Based Preconf (2) (1)

Furthermore, because they are significantly more complex to design and implement, we focus solely on execution promises. Execution promises guarantee the exact sequence and state of a transaction. In contrast, inclusion promises only ensure that a transaction will be included without specifying the conditions of its inclusion.

The Problems

We will cover six problems with the strawman based preconfirmation design:

  • Problem 1: Latency races
  • Problem 2: Congestion
  • Problem 3: Tip pricing
  • Problem 4: Fair exchange
  • Problem 5: Liveness
  • Problem 6: Early auctions

Problem 1: Latency races

Whoever has the lowest latency to the preconfer gains all the MEV back-running profit. This is because they can:

  1. Be the first to obtain the latest state of the chain through the promise endpoint and
  2. be the first to insert their back-run transaction via the request endpoint.

This structure has historically incentivized latency races, where network participants strive to minimize latency to the limit.

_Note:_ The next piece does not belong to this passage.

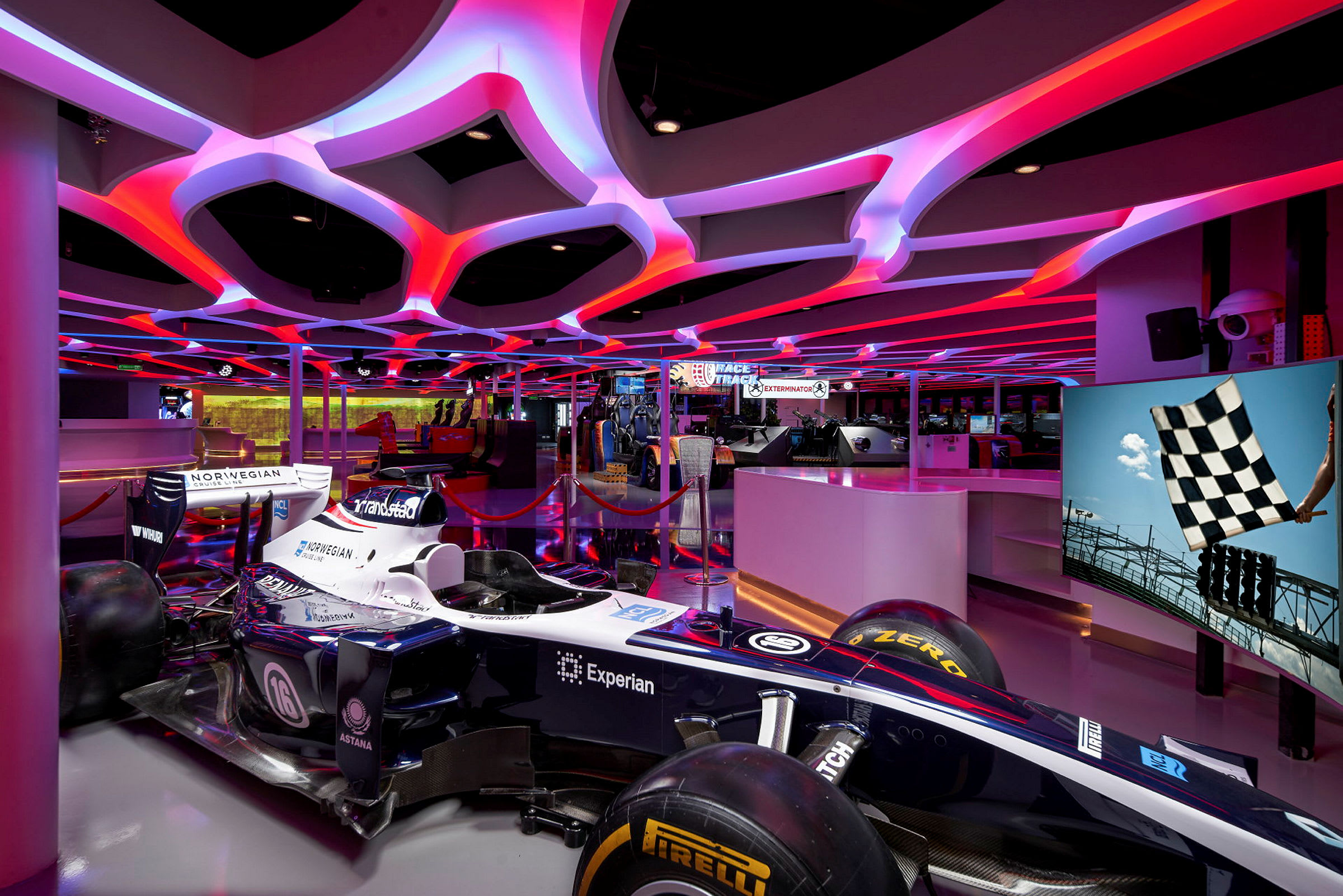 Formel 1-bil på en utstilling med neonlys opplyst tak. (AI-generert tekst)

Eventually, this would lead to searchers choosing to colocate or vertically integrate with preconfers, which significantly risks the network’s geographical decentralization.

Such latency races have been a long-lasting concern for existing centralized sequencers. For example, the Arbitrum team has explored the idea of implementing Proof of Work (PoW) where they grant fast connections to participants who succeed in PoW while imposing artificial delays on participants who do not. However, this proposal encountered backlash from the community due to the substantial economic waste introduced.

Problem 2: Congestion

Given that L2 transaction fees are typically low, searchers may choose to avoid latency races altogether and instead flood the rollup with probabilistic arbitrage attempts. This can be done by spamming an arbitrage contract that attempts an arbitrage and rollbacks if it fails. In Solana, where the fee is extremely low, it has been reported that validators waste ~58% of their time processing such failed arbitrage transactions.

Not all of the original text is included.